EVERYTHING EVERYTHING -review

In full disclosure, I read Everything Everything by Nicola Yoon prior to seeing the film adaptation. This was one of those books that I was interested in seeing adapted for the big screen. While I really enjoyed the movie, the book does give you a little more into the back-story of the characters.

Maddy Whittier has never been outside, or at least not in the past 17 and a half years since she was diagnosed with SCID. She was happy in her own little world inside the ultra-sanitized home her mom designed. Well, at least until Olly and his family moved in next door. Olly is curious about the girl next door who does not leave the house, and Maddy is just as curious of the boy in black next door. This leads the two of them on an adventure of discovering how much you will risk for love.
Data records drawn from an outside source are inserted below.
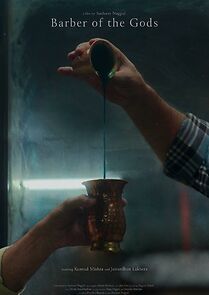 Watch Barber of the Gods (Short 2025)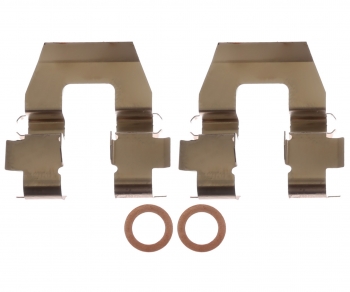 Disc Brake Caliper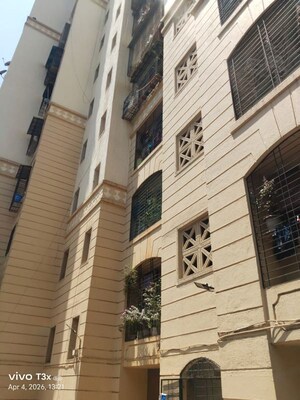 1 BHK Apartment – Exterior View View at Ravi Estate, Pokhran Road No One - for Rent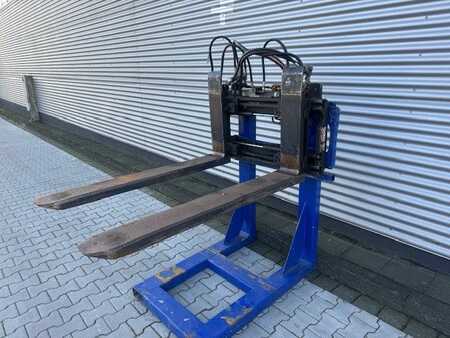 Pozicionéry vidlic 2008 Kaup 2T466 (2)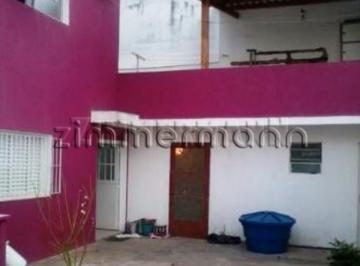 Casa · 200m² · 3 Quartos · 6 Vagas · CASA LAPA 3 DORMITÓRIOS
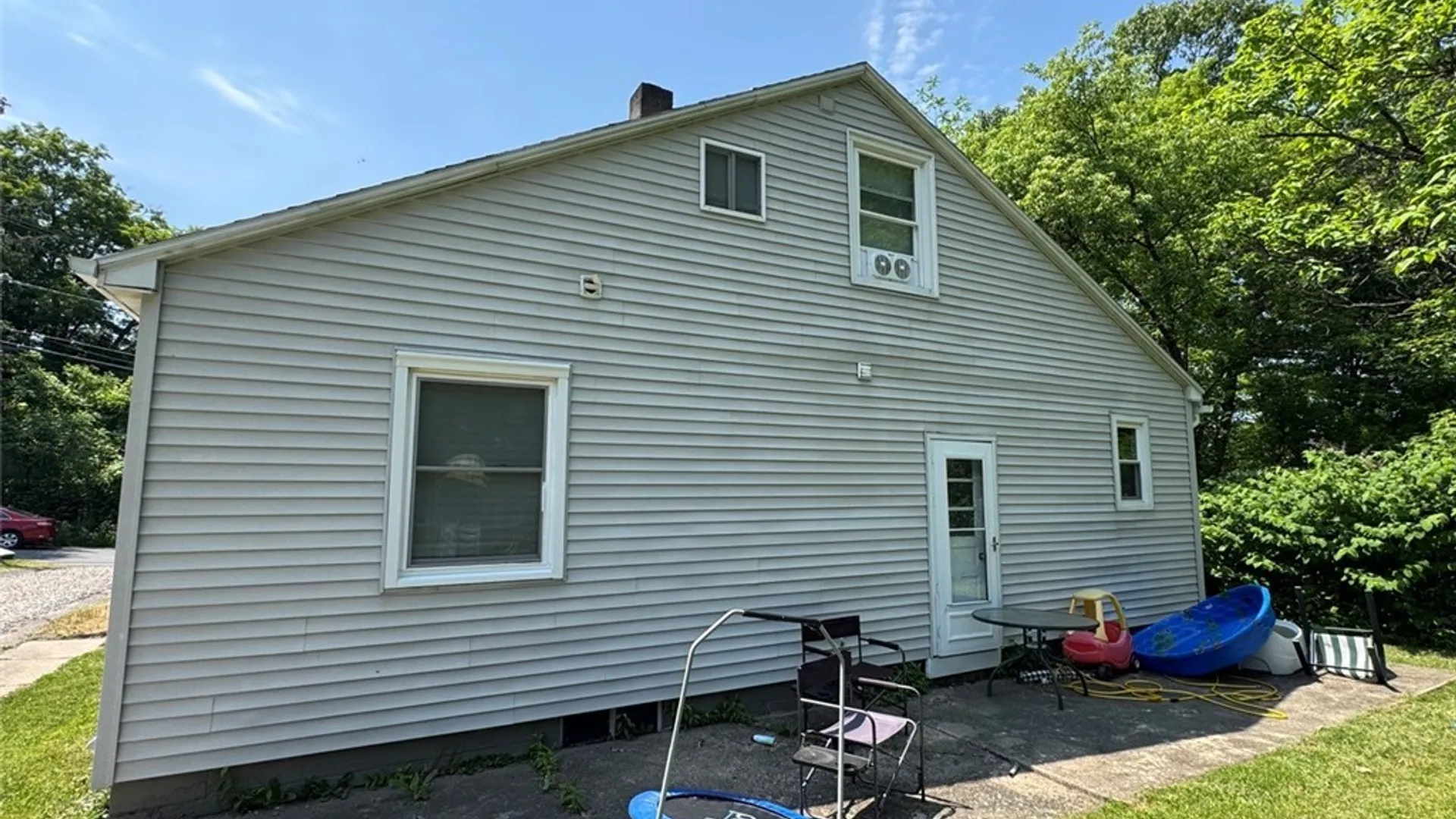 Property at 21 S Skaneateles Street, Elbridge, NY 13080 6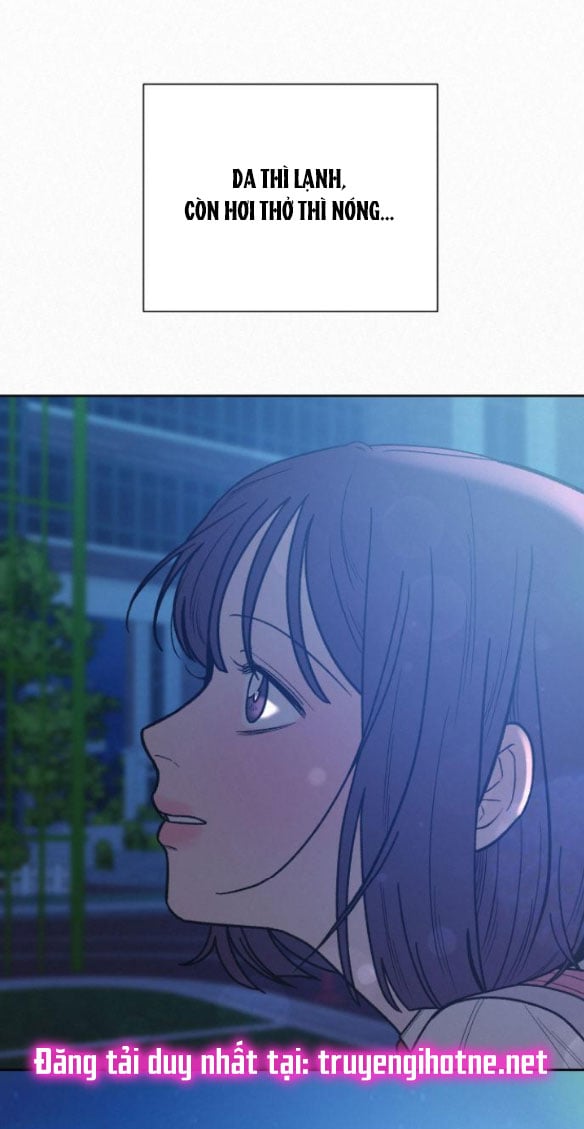 Tình Yêu Trong Sáng: Chapter 50.3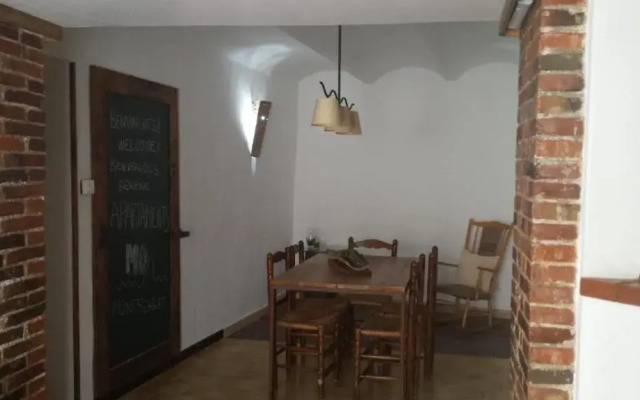 Apartaments MO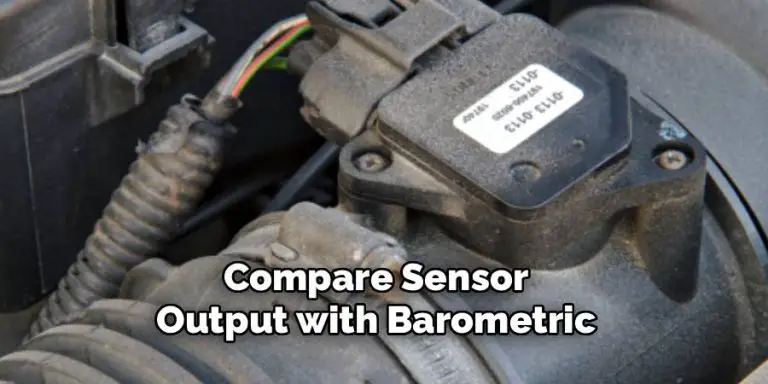 How to Test a Mass Air Flow Sensor | 10 Effective Methods (2026)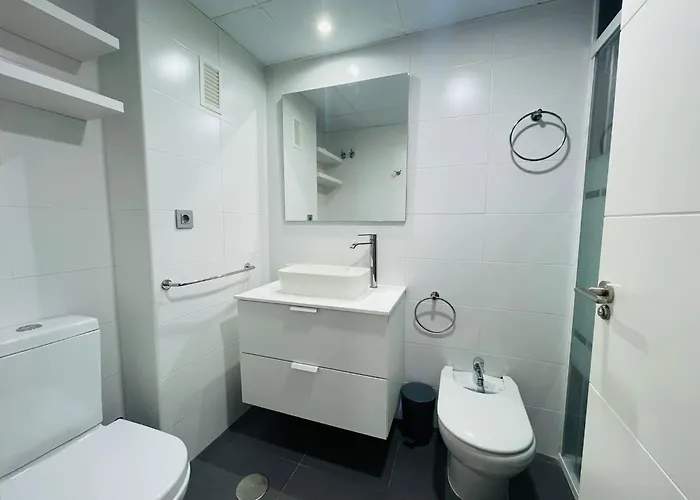 Apartman Club Lateral By Alina365 La Manga del Mar Menor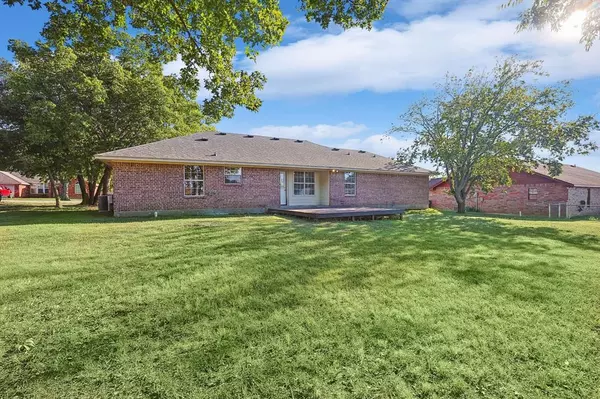 Valley View, TX 76272,293 Old Spanish Trail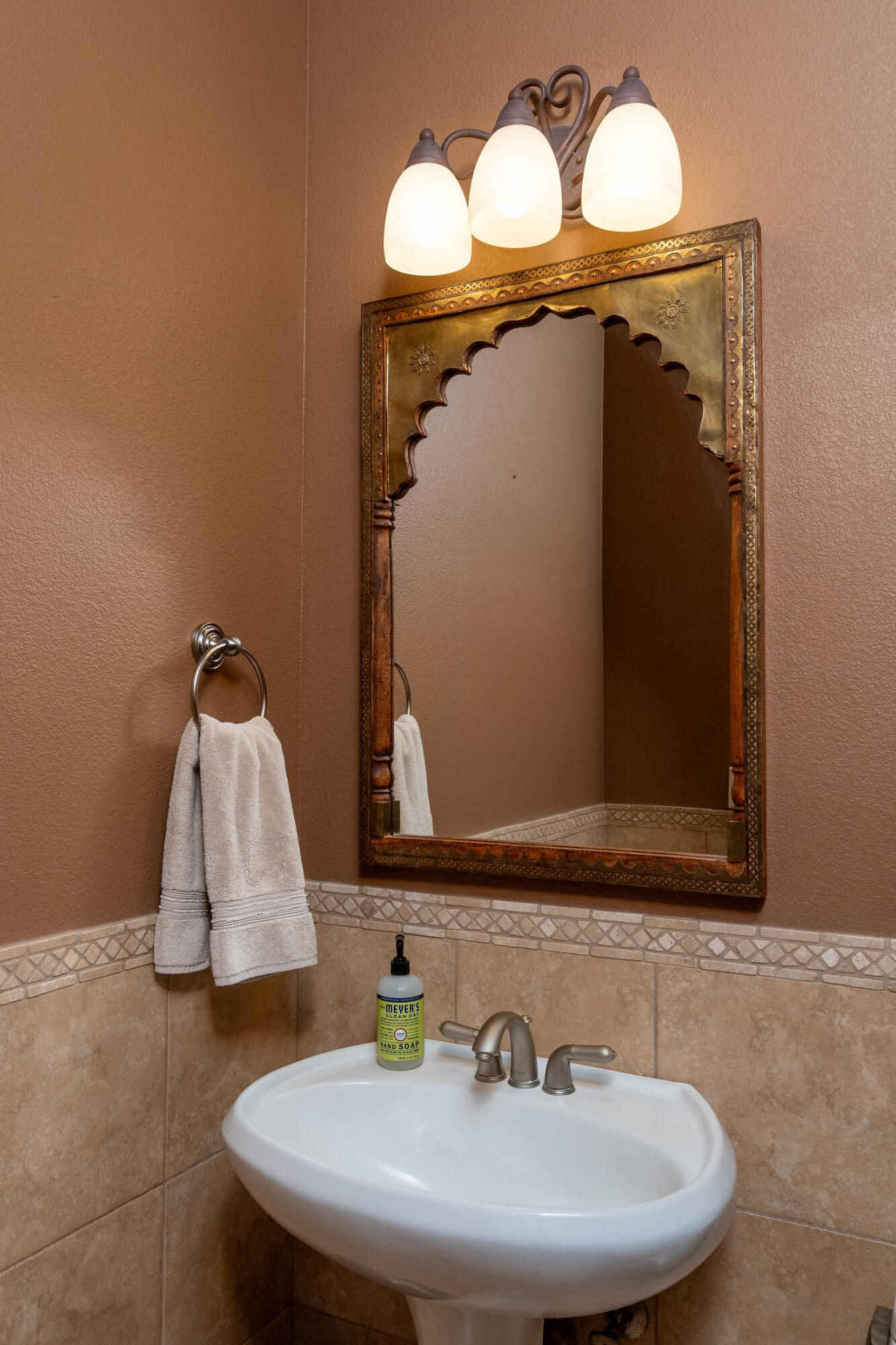 Awbrey Glen - Residential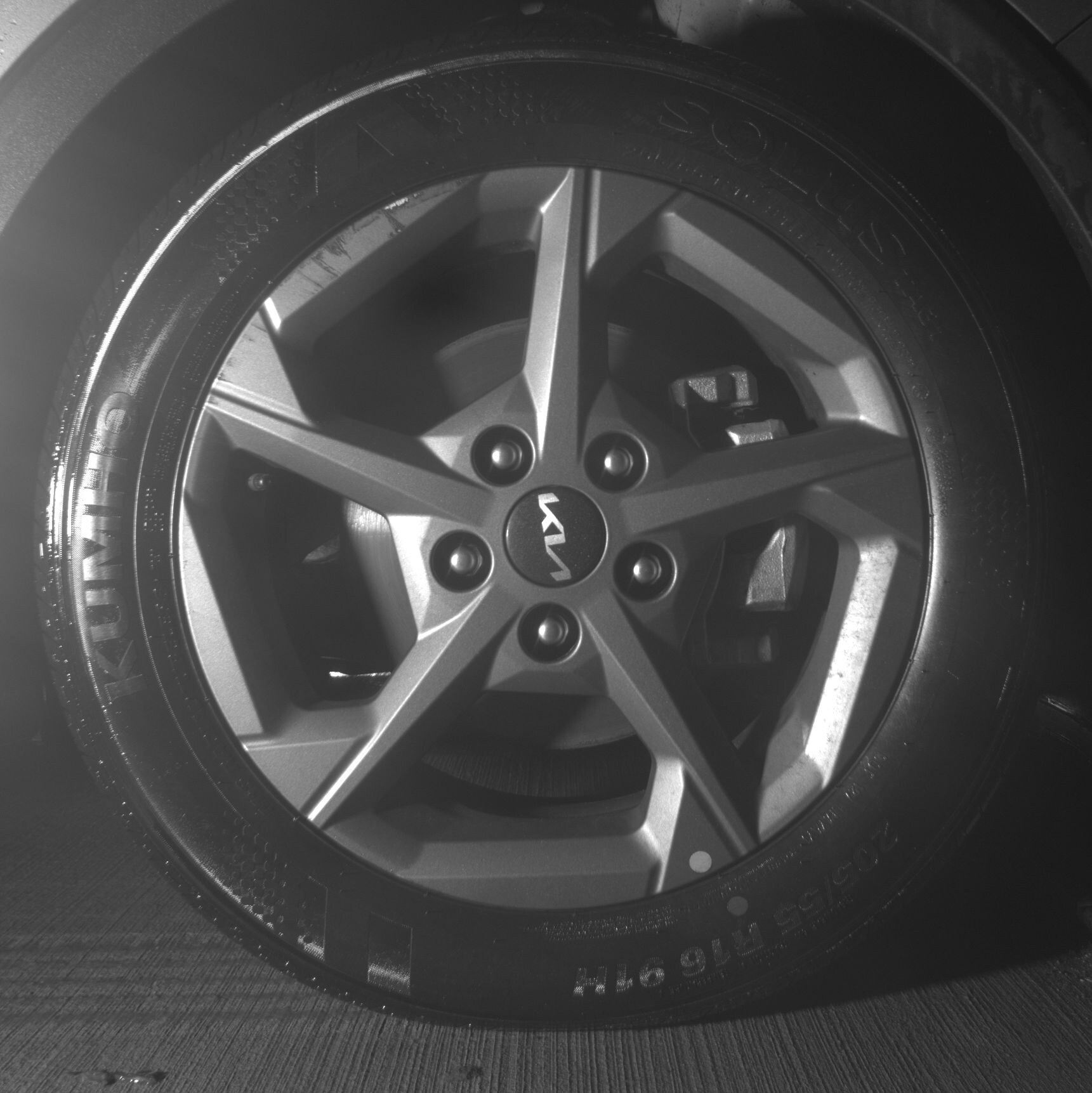 Thumbnail: 2025 Kia K4 - 10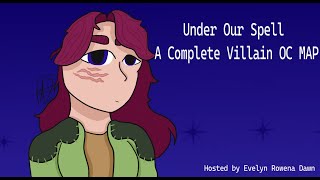 Under Our Spell | Completed Villain OC MAP | Halloween Special
νιℓє тнιηgѕ ¢яєєρ,
ℓσѕт тнιηgѕ ωєєρ,
αη∂ тαηgιвℓє ѕнα∂σωѕ
∂αη¢є ωнєη уσυ ѕℓєєρ.
нєяσєѕ αℓℓ тняινє-
ιƒ тнєу ѕυяνινє
вυт тнєѕє νιℓℓαιηѕ ѕтσяιєѕ αяє нєяє
αη∂ ωιℓℓ ¢σмє αℓινє.
~
Welcome to Evelyn Rowena Dawns villain OC MAP, featuring several 𝘴𝘱𝘦𝘭𝘭binding creators!
From 0:14 to 0:27 Kiwithebird displayed the journey of two Danganronpa OCs, drawn as dogs! Aika had grown up facing severe bullying. Her cousin, Seiko, did her best to stop the bullies, but this only lead to Aika becoming unhealthily obsessive of Seiko and manipulating her. Many years later, the two are kidnapped and forced into a killing game along with several of their old classmates, none of which remember Aika or Seiko. Then, Seiko finds out the one behind the game was none other than Aika.
Find Kiwithebirds channel here: https://www.youtube.com/channel/UCM6RU9WvCspYARAw1sL9ygg
Afterwords, from 0:28 to 0:37, ArtSparrow introduced her Warrior Cats OC, Lilistar of Thunderclan. Lilistar had been very close to her sister, Cherrpaw, until said sister became an apprentice and forgot about her. Afterwords, Lilstar began to train in the Dark Forest, and even killed other cats- though no one found out about it.
Find ArtSparrows channel here: https://www.youtube.com/channel/UCSBqe-klFn1ijplwPrbCuJQ/featured
From 0:38 to 0:46, fluffiedraws showcases her stunning villain OC, Lyra, as well as another gorgous OC, Niki!
She also created the brilliant Jack o Lantern endscreen used during the credits section.
Find fluffiedraws channel here: https://www.youtube.com/c/fluffiedraws
Then, from 0:56 to 1:09, Miss RANDOM shows a villain au of her main OC, and well as her two best friends, Lady Spontaneous and Mister Improvised. In this universe, the kind Miss random had lost her ability to see the best in the world, and instead saw the worst in it. She embraced chaos to bring the world to its knees. She didnt think too harshly about what she had done; a little crazy could be fun, right?
Miss RANDOM also gave the quote that was used from 0:47 to 0:55.
Find Miss RANDOMs channel here: https://www.youtube.com/channel/UCCLO9-quVoJz5RiczMFmsRg/featured
Following that, from 1:10 to 1:17, TheArtsyAvaF brought us her gorgous OCs, Sora, Brynn and Connor.
She is also responsible for the masterpiece that is this MAPs thumbnail.
Find TheArtsyAvaFs channel here: https://www.youtube.com/channel/UCHEzsegISEIrf8R1koN1SoA/featured
Cant forget about from 1:20 to 1:25, which was brought to us be the talented BlueStormRider! It features her OCs, listed in order of appearence, Elora, Dilya and Nathaniel.
BlueStormRiders channel can be found here: https://www.youtube.com/channel/UCLS9stgmvQ9ImvTeKRjzfQQ
Then, from 1:33 to 1:42, ~Speechless_Sleep~ shared two of her villain OCs: Mage and Samantha. Mage often fell in love, but when things went far enough for her to get married and adopt a child, she got cheated on. After murduring the cheater, Mage wnt on the run with her friends. One of these friends was Samantha, a chaotic woman who loved to mess with human bodies.
~Speechless_Sleep~s channel can be found here: https://www.youtube.com/channel/UCIgO_Wjwqv5q6a6X7YV1ZLw/featured
Finally, from 0:04 to 0:09 and 1:49 to 1:55, I brought my OC, Leila, to life. In a world where every bad deed done by a human caused a monster made of shadows to appear, things were dangerous. Especially for those who were gifted with the Sight- the ability to see such monsters. The monsters only ever went after those who could see them. After a series of terrible accidents, Leila learned that she could control the shadowy monsters, and began to use them to accomplish her own wicked, revenge-driven deeds. Leila cornered Drake, a morally good young man gifted with the Sight, and used a manipulation magic to bend him to her will. She then sent him to find his friends, including the blue-haired Prim, and spied on him through her magic mirror. This allowed her to plan an attack on a group of good people gifted with the sight.
I also created the quotes used from 0:10 to 0:13 and from 1:43 to 1:48.
And, I cant end this without mentioning Noodle Doodles, who had made headway in animating part of this project, only to be forcedto quit due to an injury.
Find Noodle Doodles channel here: https://www.youtube.com/channel/UCz2inA5RGMGDjpkMEAYxB8g
Thank you so much for watching this MAP, and be sure to check out the 𝘴𝘱𝘦𝘭𝘭tacular people who made it possible! Under Our Spell | Completed Villain OC MAP | Halloween Special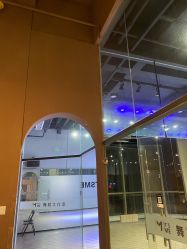-ITSME舞蹈工作室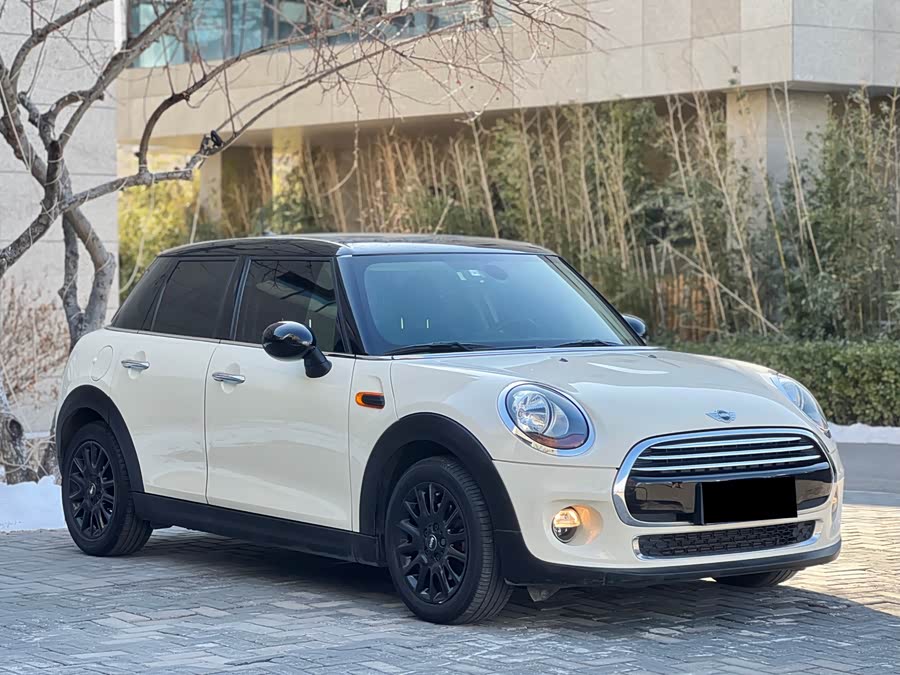 MINI MINI 2016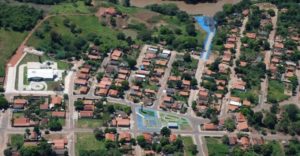 Santa Terezinha de Goiás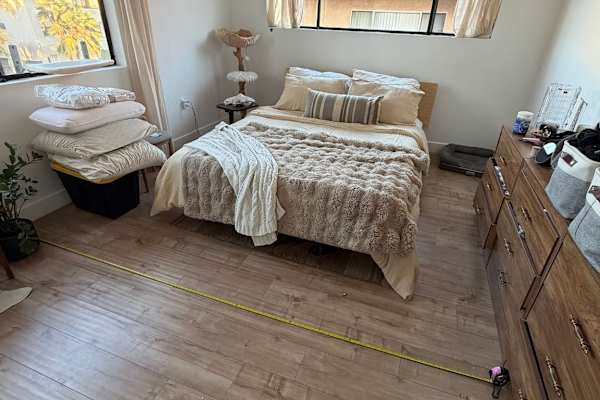 House sit in Los Angeles, CA, US
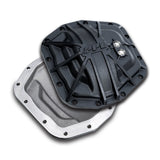 2018-2023 Jeep JL/JT Dana-M210 Heavy-Duty Nodular Iron Front Differential Cover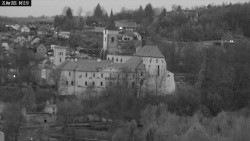 Sázavský klášter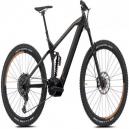 NS Bikes EFine 2 MZ Bomber Nearly New L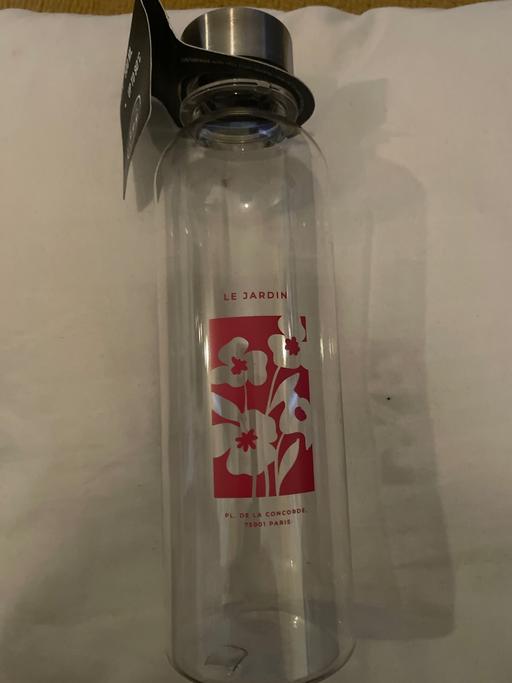 Buy & Sell Kings Heath Birmingham - Photos for New Water Bottle. New with Tags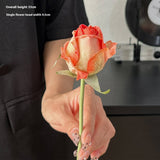 ROSE ARTIFICIAL DRIED SILK FLOWER BESTSELLER_CWMM6474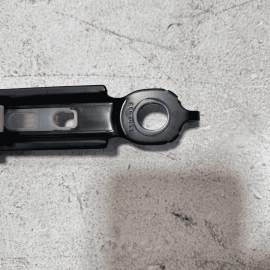 2014-2015 LEXUS IS250 IS350 FRONT LEFT DRIVER SEAT BELT HEIGHT ADJUSTER OEM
This movie is definitely aimed at a younger (teenage) audience. The music, scenery, and story will resonate teenage girls the most. I have a personal soft spot for modern architecture and houses that do not have slanted roofs, so I enjoyed the film just for the sets alone. The colorful views of Hawaii are not to be missed either. My biggest critique is when aiming at a young audience, parents may not approve of one scene in the film (at my showing a very young audience member decided to yell “what’s happening” during this scene which was funny for the moment and probably embarrassing for the child’s mother)

As usual, the book gave more details about the characters themselves, but the movie brought the young romance aspect to life. Young love, and for Maddy first love, was better captured on the screen than on the page. My biggest dislike in the film adaptation is you see less of the struggles the two main characters face in their personal lives and more of the romance, which is great for a young audience and a summer flick. In short, the movie will give you the sights, but the book gives you the depth of the story.

Overall I will give the movie a B. It was not anything great, but it is a good start of summer flick. I have a feeling the Alessia Cara and Zedd song “Stay,” which is featured in the film, will be a summer anthem on the radio. The book is a quick read, so I suggest reading it as well for more context into the movie.